Pacific youth need action on climate change, Vanuatu PM says, as leaders seek to appeal to world’s highest court

Vanuatu’s Prime Minister has criticised the slow pace of international negotiations to reduce carbon emissions as “totally out of step” with the threat facing Pacific Island nations.

Bob Loughman is pushing to take climate change to the international court, rallying 15 Pacific Island leaders who have come together in Fiji this week for the Pacific Islands Forum. 

“Young people simply cannot wait,” he said, referring to the need for world leaders to take urgent action on climate change.

The forum has discussed how to increase international support and funding to fight the impacts of climate change, as well as China’s ambition for greater security ties across the region.

Mr Loughman said the world’s highest court, the International Court of Justice (ICJ), could play a key role in compelling states to protect future generations from climate change impacts. 

He said an advisory opinion issued by the ICJ would also help boost funding for Pacific Island countries to rebuild communities affected by sea level rise.

‘Take action to fight this emergency’

Bob Loughman walks through a room wearing a red and white Pacific shirt and a beaded necklace.
Bob Loughman wants the ICJ to issue an advisory opinion on climate change. (Vanuatu Daily Post: Dan McGarry, file)
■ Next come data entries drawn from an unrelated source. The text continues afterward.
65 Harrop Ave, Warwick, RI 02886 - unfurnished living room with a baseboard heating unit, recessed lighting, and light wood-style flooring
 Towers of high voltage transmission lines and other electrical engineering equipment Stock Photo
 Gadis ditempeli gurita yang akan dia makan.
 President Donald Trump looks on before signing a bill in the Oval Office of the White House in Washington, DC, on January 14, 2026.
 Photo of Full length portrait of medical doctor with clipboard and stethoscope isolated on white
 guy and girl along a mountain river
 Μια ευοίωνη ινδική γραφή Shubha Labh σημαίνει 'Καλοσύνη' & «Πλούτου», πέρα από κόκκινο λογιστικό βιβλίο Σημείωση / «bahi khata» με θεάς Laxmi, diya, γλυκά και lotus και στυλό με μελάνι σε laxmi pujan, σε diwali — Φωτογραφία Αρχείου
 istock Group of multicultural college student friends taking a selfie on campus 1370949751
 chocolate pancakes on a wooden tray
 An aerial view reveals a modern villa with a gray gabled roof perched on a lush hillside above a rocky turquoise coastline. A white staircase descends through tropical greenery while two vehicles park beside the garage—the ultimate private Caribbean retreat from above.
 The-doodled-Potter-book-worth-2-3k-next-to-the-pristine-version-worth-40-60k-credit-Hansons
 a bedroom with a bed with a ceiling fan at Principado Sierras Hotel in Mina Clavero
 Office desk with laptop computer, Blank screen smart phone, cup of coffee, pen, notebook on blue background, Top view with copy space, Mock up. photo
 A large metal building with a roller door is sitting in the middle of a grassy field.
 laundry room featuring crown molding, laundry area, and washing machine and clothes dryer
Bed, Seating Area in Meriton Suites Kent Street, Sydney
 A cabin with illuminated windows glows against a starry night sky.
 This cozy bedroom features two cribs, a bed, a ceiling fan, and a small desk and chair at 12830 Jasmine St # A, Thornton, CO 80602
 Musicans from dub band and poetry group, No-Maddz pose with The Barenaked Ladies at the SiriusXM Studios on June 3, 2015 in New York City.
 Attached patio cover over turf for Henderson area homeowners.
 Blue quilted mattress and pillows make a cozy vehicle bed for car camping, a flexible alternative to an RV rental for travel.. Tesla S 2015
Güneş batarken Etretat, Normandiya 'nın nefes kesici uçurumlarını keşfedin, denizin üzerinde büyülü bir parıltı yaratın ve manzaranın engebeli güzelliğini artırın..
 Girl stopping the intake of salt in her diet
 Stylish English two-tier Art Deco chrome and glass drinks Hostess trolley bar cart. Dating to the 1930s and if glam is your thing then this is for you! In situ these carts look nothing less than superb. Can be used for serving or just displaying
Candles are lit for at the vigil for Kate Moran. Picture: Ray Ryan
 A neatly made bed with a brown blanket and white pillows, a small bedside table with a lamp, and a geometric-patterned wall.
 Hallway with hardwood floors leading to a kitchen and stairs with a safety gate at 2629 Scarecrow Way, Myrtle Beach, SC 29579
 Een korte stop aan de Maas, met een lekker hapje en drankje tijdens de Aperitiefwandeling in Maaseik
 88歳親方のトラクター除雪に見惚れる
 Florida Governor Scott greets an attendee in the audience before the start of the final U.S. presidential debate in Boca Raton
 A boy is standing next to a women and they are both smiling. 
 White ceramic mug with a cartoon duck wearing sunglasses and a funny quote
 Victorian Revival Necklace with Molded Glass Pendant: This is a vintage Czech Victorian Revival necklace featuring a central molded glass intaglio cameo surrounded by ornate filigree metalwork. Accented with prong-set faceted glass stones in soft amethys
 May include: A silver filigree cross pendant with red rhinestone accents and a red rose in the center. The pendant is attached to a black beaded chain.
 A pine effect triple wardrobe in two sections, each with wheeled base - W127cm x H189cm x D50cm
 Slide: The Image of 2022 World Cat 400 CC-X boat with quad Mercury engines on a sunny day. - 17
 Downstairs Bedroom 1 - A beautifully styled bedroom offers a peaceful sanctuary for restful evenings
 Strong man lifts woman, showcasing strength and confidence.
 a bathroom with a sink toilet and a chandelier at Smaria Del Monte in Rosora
In calling on the United Nations General Assembly to back an ICJ case, Mr Loughman said Vanuatu had gained “unanimous support” from forum members. 

Developed nations most responsible for climate change have been reluctant to commit to financing for low-lying island states to deal with the loss and damage caused by rising sea levels.

But an ICJ opinion would speed up the mobilisation of climate funds, put human rights at the centre of the debate and respond to the demands of young people, Mr Loughman told a community dialogue in Suva on the sidelines of the forum.

“Time seems totally out of step with the reality of climate change’s impact on the lives of Pacific people,” he said.

Climate change has been a major focus of the forum, despite the shock withdrawal of Kiribati, discussions over a bid by China to sign a regional trade and security pact, and the announcement that US Vice President Kamala Harris would make a virtual address.

On Tuesday, Fiji Prime Minister Frank Bainimarama told the forum the region was in a state of turmoil from the economic shocks of the COVID-19 pandemic and the threat of climate change, and as superpowers and some middle powers “clamour to shape the world in their favour”.

Pacific leaders exchange agreements
Frank Bainimarama (right) has called for regional unity at the forum. (Supplied: Government of the Federated States of Micronesia)

‘We will forge ahead together’

Mr Bainimarama said the most important question for the forum was regional unity.

“Will we forge ahead together, will we take individual paths, will we be assertive or leave it to others to decide our fate?,” he asked. 

Australian Foreign Minister Penny Wong said forum members, including Australia, would seek reconciliation with Kiribati.